One of the most striking things about living in Charles Causley’s house is the quality of silence that inhabits it. It is not just the absence of noise that is remarkable, but the density of the quietness, the materiality of it. I can only put this down to the fact that for more than thirty years a poet lived in this house and for much of that time he was quiet – and by this I don’t just meant that he didn’t have the television or the radio on, I mean something else, something I can’t quite articulate at this point.
I think of the quietness in this house as being burnished. Like copper. Interestingly, this quietness does not preclude the presence of sound. Sometimes a car passes by. Sometimes the squirrels and foxes are so loud you think they’re in the house with you (this house has single-glazed windows – a very thin membrane between inside and out). Other times the church bells of St Mary Magdalene are blazing away, often for hours at a time.
The quietness here is not just about what can and cannot be heard. Perhaps what I am trying to talk about is a potential for solitude, the opportunity to sink into a space where there are very few distractions and where permission for this is wholly granted. Solitude is becoming more and more difficult to find – and even when we do find it, there is always the temptation to tweet or send a Facebook message about what it’s like. What of this other solitude though – the one where we can practice listening again, where we can haul ourselves up and out of the permanently available noise and step into something different?
It is significant to note that when you enter Cyprus Well, Causley’s house, you take two steps down. There is a stepping down from the front door into the front room, and this stepping down is both actual and symbolic. From the first moment I stepped down into this house, I felt something give way. Imagine being able to go one or two steps deeper into the earth. That’s what entering this house is like. It is about leaving one world behind and stepping down into another. As if my centre of gravity gently lowers and brings me closer to the ground; the ground of my being; the earthen place from which all things rise.

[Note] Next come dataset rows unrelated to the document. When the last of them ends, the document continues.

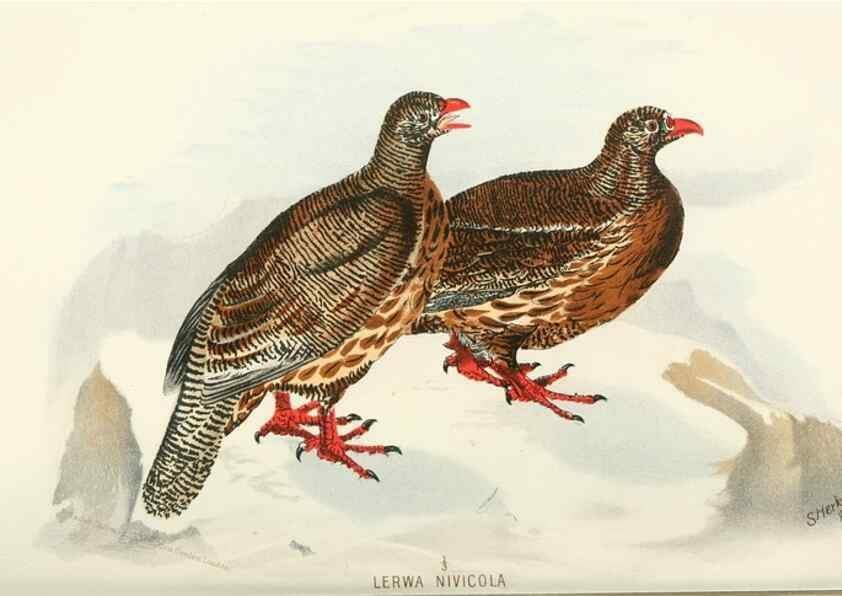 Reproducción/Reproduction 49785736056: Indian sporting birds /. London :Francis Edwards,1915.. 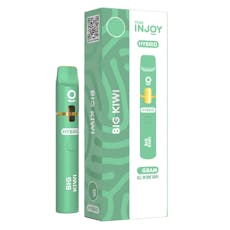 Big Kiwi (H) AIO Regular 1g - Big Kiwi (H)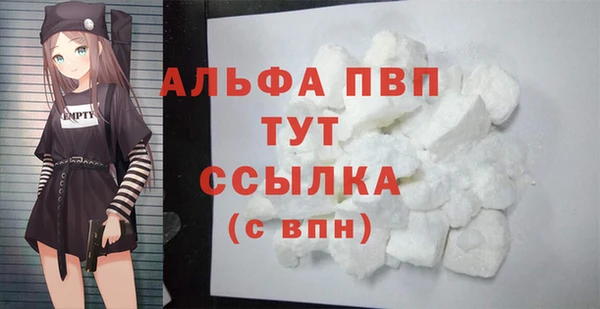 шишки Магас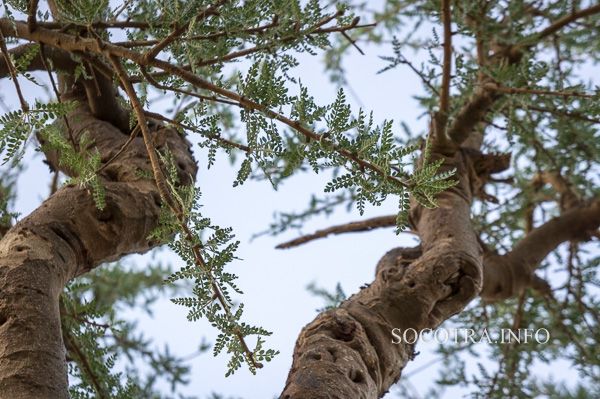 Boswellia Socotrana - Frankincense from Socotra island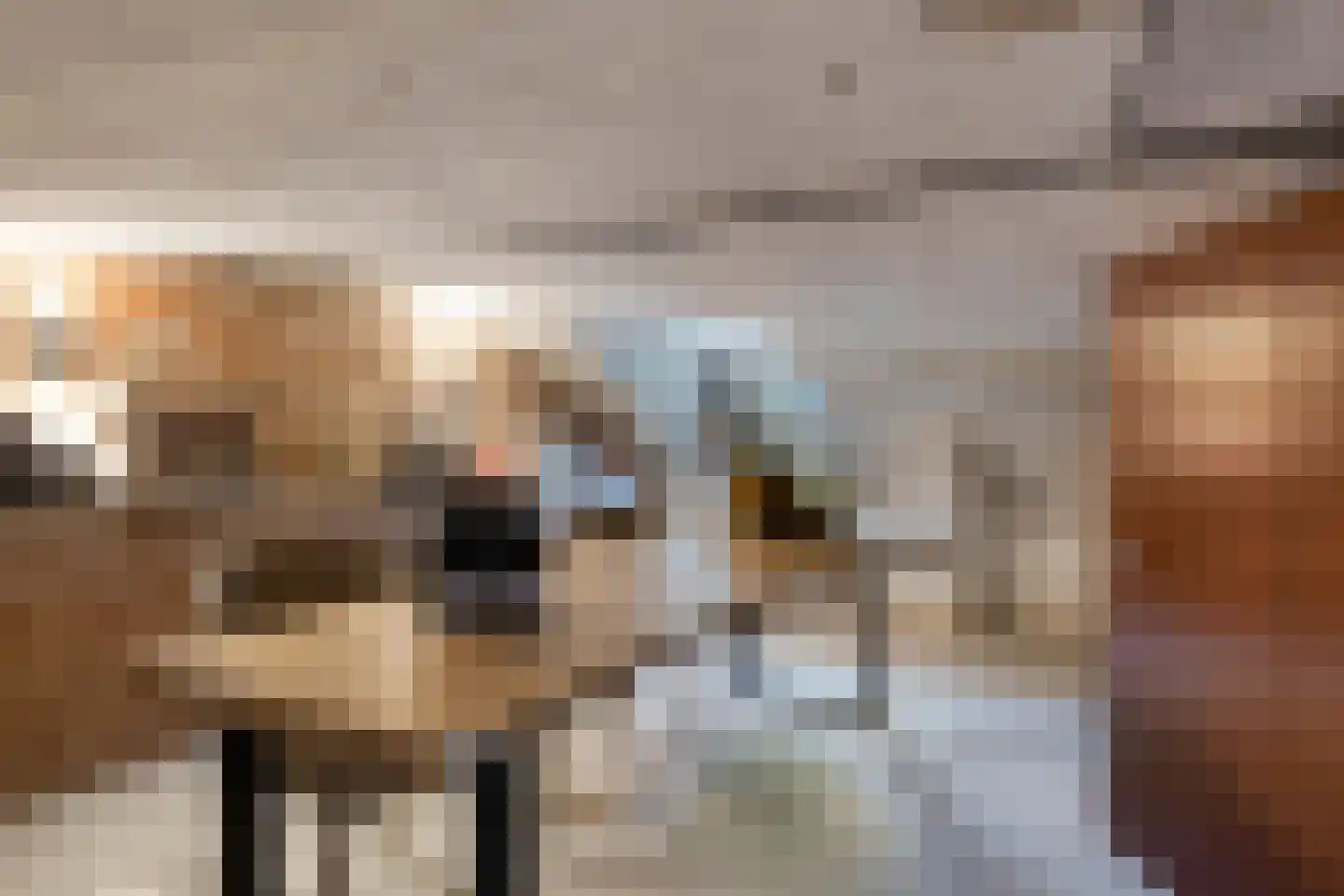 Boveneindsestraat 25 Kesteren thumbnail 34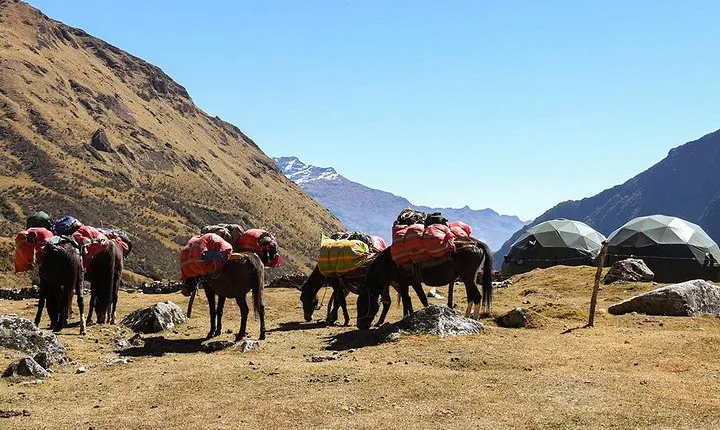 Salkantay Trek Private Service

It is easy to forget the importance of solitude. There is never enough time to read all of the interesting articles and advices about how to write and how to improve our writing. Never enough time to do all of the things we have to do and then find time for the things we have to do but still haven’t done. In among this carnival of activity though, there is a need to still the swirl sometimes and settle into a quiet and lonesome place. As Rilke, that master of solitude, reminds us:
only be attentive to that which rises up in you and set it above everything that you observe about you. What goes on in your innermost being is worthy of your whole love; you must somehow keep working at it and not lose too much time and too much courage in clarifying your attitude toward people.
(p.46/7 Letters to a Young Poet)
Rilke counsels us to pay more attention to what’s inside of us than outside – and although it’s easy to write this, easy to agree with it even, learning to put this into practice is another thing altogether. Part of being able to write is being able to hear when words bubble up inside of us. When they do, we need to be ready to catch them. Ted Hughes wrote about this as the kind of thinking that allows us to break into our inner life:
That process of raid, or persuasion, or ambush, or dogged hunting, or surrender, is the kind of thinking we have to learn, and if we do not somehow learn it, then our minds lie in us like the fish in the pond of a man who cannot fish.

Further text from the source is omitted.